This time, around 20 candidates were either in various prestigious services in the Union government or are former army officers.
This in addition to a host of doctors, retired engineers and scholars who have opted for electoral politics.
The United Democratic Alliance, which is led by a retired brigadier and a former IPS officer, has fielded two former army officers, two retired IAS officers, a retired officer from the Indian Revenue Service and a former IPS officer.
The Congress has given tickets to two former IAS officers, a former IPS officer, a former officer from the Indian Custom Service and a retired officer from the Indian Postal Service.
Another retired IAS officer has been contesting as an Independent. The list is exhaustive.
No wonder till recently it was said of Mizoram that the state has only one flourishing industry — the one that produces civil servants.
State chief secretary Haukhum Hauzel said from 1966 to 1990 at least two to three Mizo names used to appear in the list of IAS every year.
But the trend is declining and it is bound to be reflected even in politics. Hauzel said if Generation X continued to shy away from competitive examinations, the state would be swamped by non-Mizo bureaucrats once the present batches of IAS and IPS retire.
The creation of job opportunities in the state after Mizoram became the 23rd state of the Indian Union in February 1987, has taken away the zeal from the youths to venture out to join the central services, said a former chief secretary and a Congress leader Lalkhama.
“Instead of staying in a small flat taking a job say in Calcutta, these days youths are preferring to stay with the family at home where they can have a sprawling house with a kitchen garden. Life is easier at home,” he added.
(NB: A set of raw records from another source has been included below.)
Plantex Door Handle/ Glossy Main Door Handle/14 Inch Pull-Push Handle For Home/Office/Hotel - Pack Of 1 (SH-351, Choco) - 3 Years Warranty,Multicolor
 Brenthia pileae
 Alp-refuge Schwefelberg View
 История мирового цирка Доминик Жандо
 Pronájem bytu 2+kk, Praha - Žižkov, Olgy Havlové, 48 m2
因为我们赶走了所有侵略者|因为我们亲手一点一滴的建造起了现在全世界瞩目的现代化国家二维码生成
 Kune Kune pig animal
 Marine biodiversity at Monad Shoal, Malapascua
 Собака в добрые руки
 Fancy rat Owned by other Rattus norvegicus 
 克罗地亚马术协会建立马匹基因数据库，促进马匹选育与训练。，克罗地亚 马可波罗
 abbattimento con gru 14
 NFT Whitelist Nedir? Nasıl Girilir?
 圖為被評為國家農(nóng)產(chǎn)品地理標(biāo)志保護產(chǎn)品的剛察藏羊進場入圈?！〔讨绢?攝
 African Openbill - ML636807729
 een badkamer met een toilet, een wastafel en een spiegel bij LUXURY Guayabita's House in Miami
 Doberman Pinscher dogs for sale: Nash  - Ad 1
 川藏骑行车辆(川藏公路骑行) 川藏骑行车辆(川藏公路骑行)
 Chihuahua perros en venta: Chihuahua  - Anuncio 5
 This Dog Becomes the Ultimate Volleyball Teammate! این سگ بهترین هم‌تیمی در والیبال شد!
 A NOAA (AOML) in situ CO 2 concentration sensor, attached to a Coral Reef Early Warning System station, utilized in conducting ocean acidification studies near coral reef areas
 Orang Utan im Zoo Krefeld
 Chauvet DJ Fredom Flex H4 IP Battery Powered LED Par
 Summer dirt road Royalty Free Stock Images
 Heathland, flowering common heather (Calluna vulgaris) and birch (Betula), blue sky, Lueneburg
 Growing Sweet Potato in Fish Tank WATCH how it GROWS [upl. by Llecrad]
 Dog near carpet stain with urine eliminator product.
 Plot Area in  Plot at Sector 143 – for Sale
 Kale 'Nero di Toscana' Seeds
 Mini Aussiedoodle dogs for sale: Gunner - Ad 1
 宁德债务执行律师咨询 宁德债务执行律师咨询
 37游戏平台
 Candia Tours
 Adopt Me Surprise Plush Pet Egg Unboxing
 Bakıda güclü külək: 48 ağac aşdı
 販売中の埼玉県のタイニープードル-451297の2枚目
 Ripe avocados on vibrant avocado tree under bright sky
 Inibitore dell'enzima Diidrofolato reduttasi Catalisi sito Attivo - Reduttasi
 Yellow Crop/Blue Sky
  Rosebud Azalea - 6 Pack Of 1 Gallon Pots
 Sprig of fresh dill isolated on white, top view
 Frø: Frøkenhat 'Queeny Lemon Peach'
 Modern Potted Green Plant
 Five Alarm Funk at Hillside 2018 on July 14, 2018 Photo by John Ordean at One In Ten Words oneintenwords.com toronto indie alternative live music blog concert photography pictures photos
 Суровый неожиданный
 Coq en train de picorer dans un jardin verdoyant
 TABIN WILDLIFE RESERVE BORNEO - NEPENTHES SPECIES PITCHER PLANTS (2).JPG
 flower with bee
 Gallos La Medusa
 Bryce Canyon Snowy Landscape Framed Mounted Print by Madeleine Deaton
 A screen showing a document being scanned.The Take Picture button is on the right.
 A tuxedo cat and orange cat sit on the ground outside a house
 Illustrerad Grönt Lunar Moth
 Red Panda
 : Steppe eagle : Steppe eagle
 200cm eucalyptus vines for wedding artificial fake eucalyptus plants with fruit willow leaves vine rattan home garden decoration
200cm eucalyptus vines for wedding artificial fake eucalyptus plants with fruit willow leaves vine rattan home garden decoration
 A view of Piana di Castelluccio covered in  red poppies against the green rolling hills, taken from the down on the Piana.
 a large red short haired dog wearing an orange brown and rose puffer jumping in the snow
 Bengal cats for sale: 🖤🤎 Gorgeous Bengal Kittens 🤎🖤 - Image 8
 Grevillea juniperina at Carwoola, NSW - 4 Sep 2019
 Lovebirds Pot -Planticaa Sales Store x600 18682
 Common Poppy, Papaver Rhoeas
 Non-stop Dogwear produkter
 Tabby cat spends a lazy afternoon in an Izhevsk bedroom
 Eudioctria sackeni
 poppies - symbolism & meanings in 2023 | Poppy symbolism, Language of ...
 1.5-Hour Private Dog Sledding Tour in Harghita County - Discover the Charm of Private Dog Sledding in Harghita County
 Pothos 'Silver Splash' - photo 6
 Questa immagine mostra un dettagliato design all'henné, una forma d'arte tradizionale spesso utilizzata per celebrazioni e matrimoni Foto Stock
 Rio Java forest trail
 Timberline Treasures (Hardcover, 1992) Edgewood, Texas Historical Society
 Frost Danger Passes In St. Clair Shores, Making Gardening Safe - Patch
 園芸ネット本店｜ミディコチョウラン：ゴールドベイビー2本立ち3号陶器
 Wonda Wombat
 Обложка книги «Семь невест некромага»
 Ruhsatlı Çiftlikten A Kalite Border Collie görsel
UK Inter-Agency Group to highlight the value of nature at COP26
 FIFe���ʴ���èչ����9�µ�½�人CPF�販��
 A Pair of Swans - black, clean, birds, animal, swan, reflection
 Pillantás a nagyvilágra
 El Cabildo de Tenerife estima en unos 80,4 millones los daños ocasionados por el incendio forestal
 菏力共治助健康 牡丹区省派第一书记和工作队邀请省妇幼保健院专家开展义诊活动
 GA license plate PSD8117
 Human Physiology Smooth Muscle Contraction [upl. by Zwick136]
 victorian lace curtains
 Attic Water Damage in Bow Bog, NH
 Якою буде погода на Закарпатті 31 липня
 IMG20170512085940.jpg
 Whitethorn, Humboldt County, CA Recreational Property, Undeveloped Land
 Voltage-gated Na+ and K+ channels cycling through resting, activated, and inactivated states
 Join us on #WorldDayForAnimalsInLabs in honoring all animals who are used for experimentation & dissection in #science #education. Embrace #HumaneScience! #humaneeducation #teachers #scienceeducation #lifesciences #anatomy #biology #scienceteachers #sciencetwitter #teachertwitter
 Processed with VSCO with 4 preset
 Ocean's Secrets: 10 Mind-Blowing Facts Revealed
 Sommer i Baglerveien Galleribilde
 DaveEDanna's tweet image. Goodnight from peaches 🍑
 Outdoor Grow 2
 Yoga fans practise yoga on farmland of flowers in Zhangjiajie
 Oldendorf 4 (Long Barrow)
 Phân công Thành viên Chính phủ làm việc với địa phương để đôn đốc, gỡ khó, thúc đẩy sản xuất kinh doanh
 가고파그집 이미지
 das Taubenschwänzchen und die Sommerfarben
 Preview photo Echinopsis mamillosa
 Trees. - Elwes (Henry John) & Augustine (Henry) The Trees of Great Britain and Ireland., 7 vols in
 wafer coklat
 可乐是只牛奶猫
Another serving bureaucrat pointed out that the state services created after the statehood too are absorbing a lot of talented youths.
Whatever the reason, the political parties are determined this time to regain the lost glory of the state in the IAS world as well as placing its foot firmly in the corporate world.
The Congress and the UDA have promised to set up coaching centres in the state to train the aspiring civil servants if they are voted to power. The ruling Mizo National Front, going a step further, said it would train the youths for the IITs and the management studies apart from civil services. With the job saturating in the state, it is perhaps time again for the Mizo youths to look beyond the blue mountain.